TASK —
Only the lines from the one containing "Set) Ronald Reagan" to the end of the data should be copied, exactly and without pictures.

Crawled caption data —
========================================
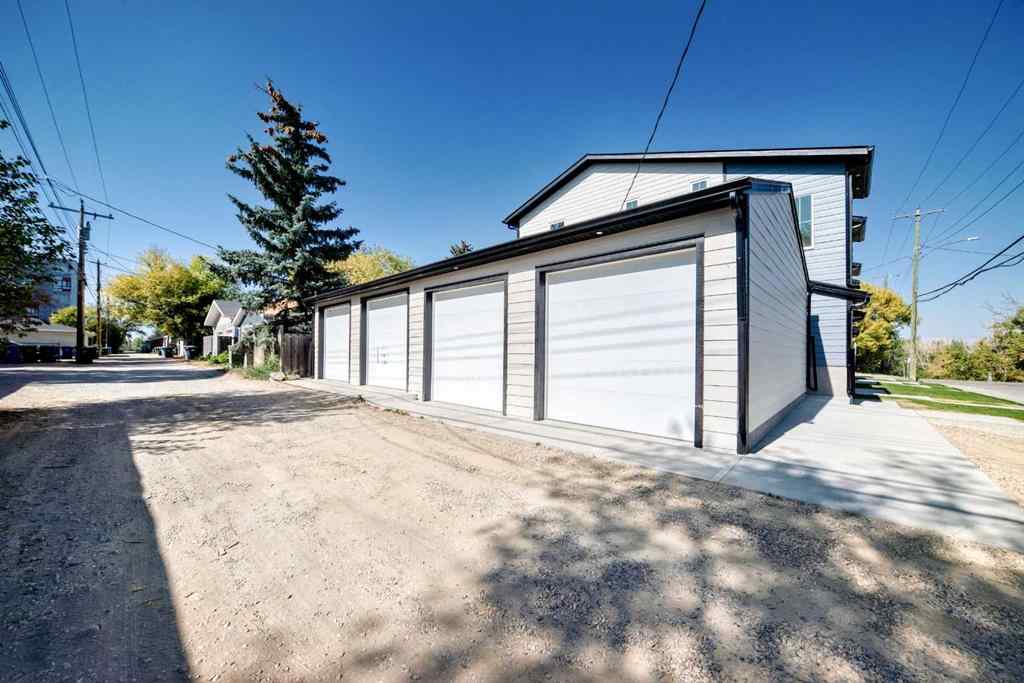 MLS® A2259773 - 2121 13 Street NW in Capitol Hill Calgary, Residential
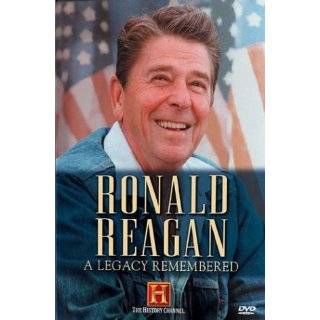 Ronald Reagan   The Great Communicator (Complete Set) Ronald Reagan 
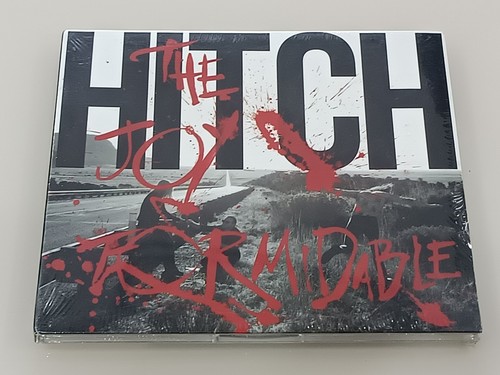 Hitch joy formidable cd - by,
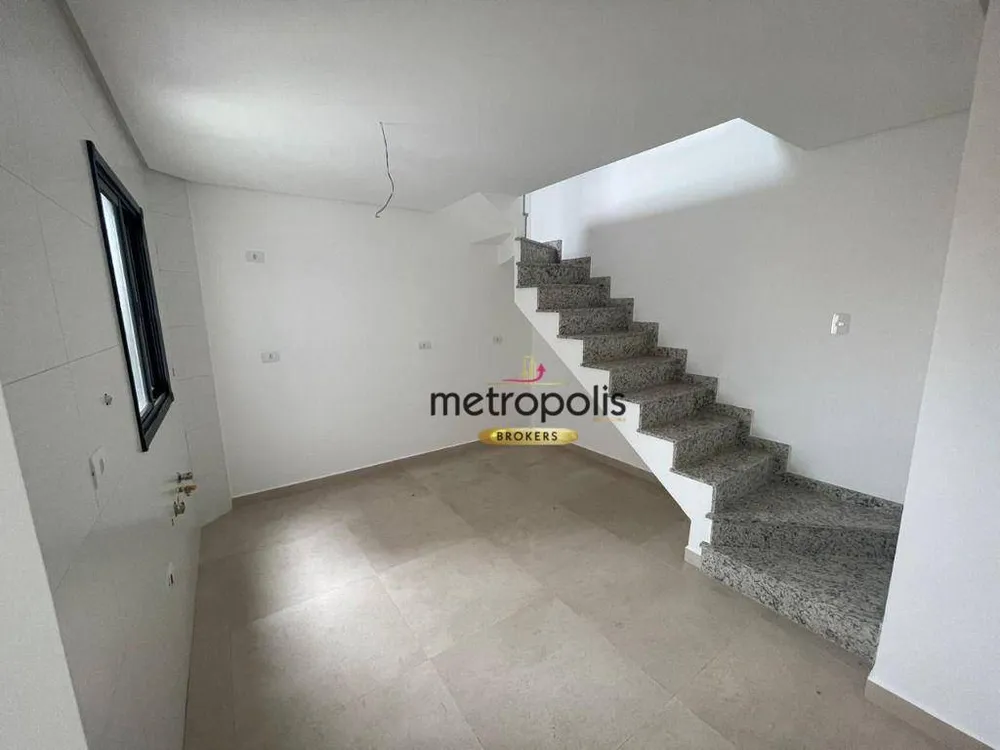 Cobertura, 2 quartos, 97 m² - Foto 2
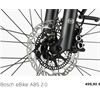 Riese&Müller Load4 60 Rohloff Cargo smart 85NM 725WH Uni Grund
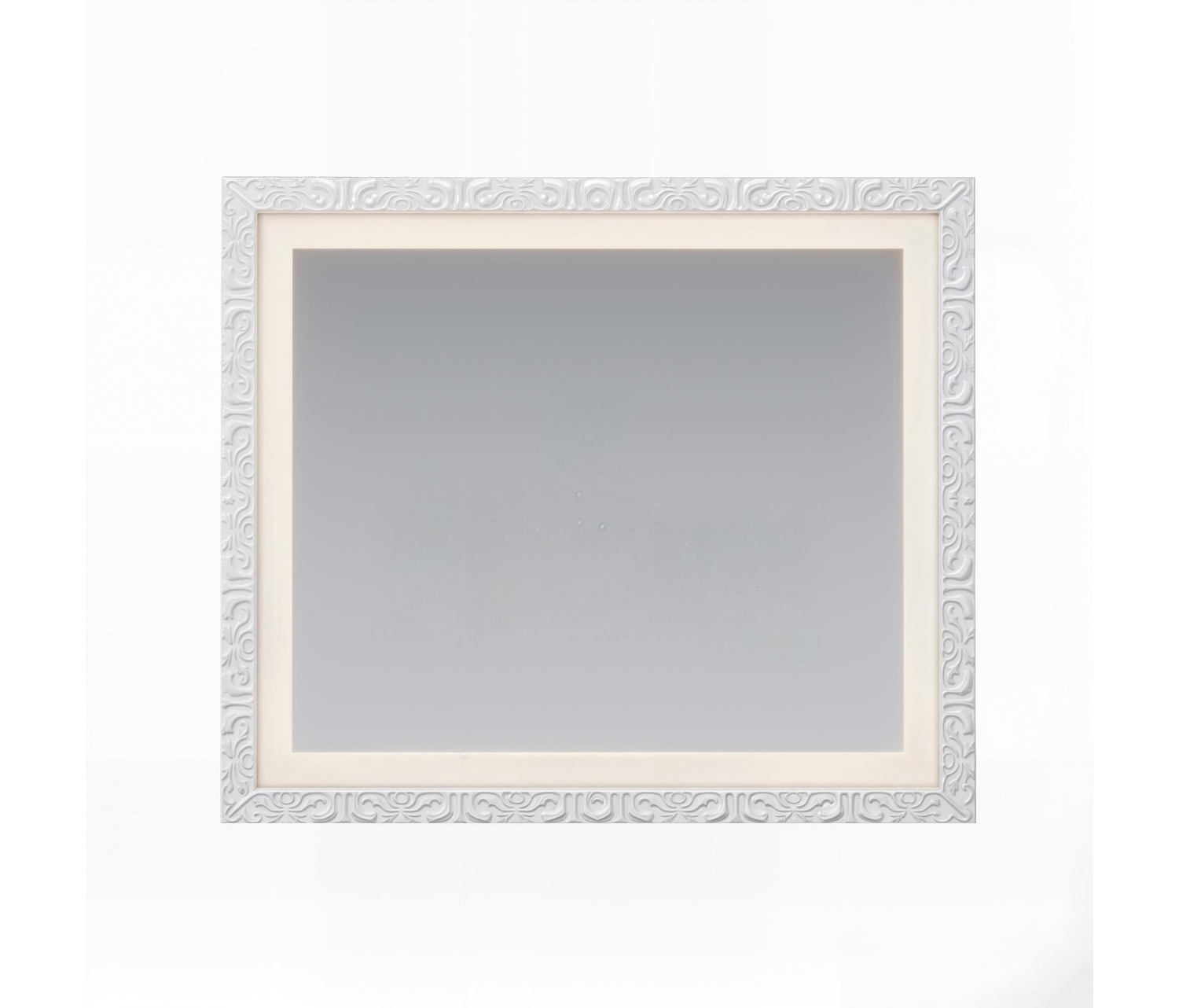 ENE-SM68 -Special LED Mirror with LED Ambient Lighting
========================================
EXERCISE RESPONSE —
 Ronald Reagan   The Great Communicator (Complete Set) Ronald Reagan 
 Hitch joy formidable cd - by,
 Cobertura, 2 quartos, 97 m² - Foto 2
 Riese&Müller Load4 60 Rohloff Cargo smart 85NM 725WH Uni Grund
 ENE-SM68 -Special LED Mirror with LED Ambient Lighting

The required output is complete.